Based on the observations in Figure 9, it can be seen that the GPU power consumption of the seven algorithms is basically equal when facing a more difficult dataset to recognize, such as Stomach, but there is a slight difference in their processing time. The LCMAdam algorithm shows a faster processing speed when dealing with this type of more difficult dataset, an advantage that may bring significant benefits in real-world scenarios.

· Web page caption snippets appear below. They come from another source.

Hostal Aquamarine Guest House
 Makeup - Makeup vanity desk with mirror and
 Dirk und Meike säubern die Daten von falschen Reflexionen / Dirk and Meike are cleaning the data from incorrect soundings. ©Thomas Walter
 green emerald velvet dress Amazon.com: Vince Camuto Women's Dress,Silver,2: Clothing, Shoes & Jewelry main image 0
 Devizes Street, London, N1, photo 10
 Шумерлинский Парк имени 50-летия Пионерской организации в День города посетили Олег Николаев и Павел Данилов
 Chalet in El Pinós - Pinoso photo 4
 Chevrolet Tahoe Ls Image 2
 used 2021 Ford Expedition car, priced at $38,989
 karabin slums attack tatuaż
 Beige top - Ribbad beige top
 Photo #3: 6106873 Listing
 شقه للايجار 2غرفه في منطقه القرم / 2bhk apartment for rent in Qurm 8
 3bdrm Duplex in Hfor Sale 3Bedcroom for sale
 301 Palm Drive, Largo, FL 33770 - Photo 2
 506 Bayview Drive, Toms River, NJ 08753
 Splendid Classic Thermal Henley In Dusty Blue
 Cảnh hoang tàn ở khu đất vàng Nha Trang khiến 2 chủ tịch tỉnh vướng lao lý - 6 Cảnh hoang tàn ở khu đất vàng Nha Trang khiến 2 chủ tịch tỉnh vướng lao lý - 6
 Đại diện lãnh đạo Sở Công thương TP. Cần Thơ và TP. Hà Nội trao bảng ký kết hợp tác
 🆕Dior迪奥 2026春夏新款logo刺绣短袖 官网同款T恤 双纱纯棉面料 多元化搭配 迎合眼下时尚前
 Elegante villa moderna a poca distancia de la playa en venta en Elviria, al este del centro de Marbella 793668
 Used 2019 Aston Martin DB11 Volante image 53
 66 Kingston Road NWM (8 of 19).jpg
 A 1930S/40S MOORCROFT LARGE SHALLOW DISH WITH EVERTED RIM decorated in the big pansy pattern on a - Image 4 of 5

The LCMAdam algorithm demonstrates superior performance not only in processing simple grayscale images, but also in processing color image data. After 100 rounds of training, the LCMAdam algorithm processes images with slightly higher accuracy than the other algorithms; especially compared to the standard Adam algorithm, the LCMAdam algorithm achieves significant optimization. The benefits of the LCMAdam algorithm are emphasized in improving image recognition accuracy and reducing oscillation ability. The experimental results confirm the superiority of the LCMAdam algorithm, particularly its robust performance. The algorithm presents high accuracy under different datasets and achieves low loss values during training. This shows that the LCMAdam algorithm has unique advantages in dealing with complex data structures.

4. Conclusions

In this study, a new optimization algorithm, LCMAdam, is proposed to further improve the problems and deficiencies of the Adam optimization algorithm. Comprehensive experimental validation confirms that the LCMAdam algorithm outperforms traditional optimization methods, such as Adam, on several standard datasets. The LCMAdam algorithm demonstrates significant improvements in stability and convergence speed for complex problems. The LCMAdam algorithm offers a more flexible and efficient training approach by combining curvature-controlled gradient and linear interpolation to adapt the learning rate adjustment. The LCMAdam algorithm has made significant progress in improving the performance and stability of neural network training, but there are still some limitations. One such limitation is the computational efficiency challenge that may be faced when dealing with extremely large-scale datasets. In addition, the performance of the LCMAdam algorithm may be affected by the characteristics of the dataset, especially in sparse data or highly unbalanced classification tasks, where additional tuning may be required to achieve optimal performance. The results indicate that the LCMAdam algorithm enhances the model’s performance on standard test sets and real-world applications, including medical image processing. This provides a promising approach for improving performance and generalization of deep learning models.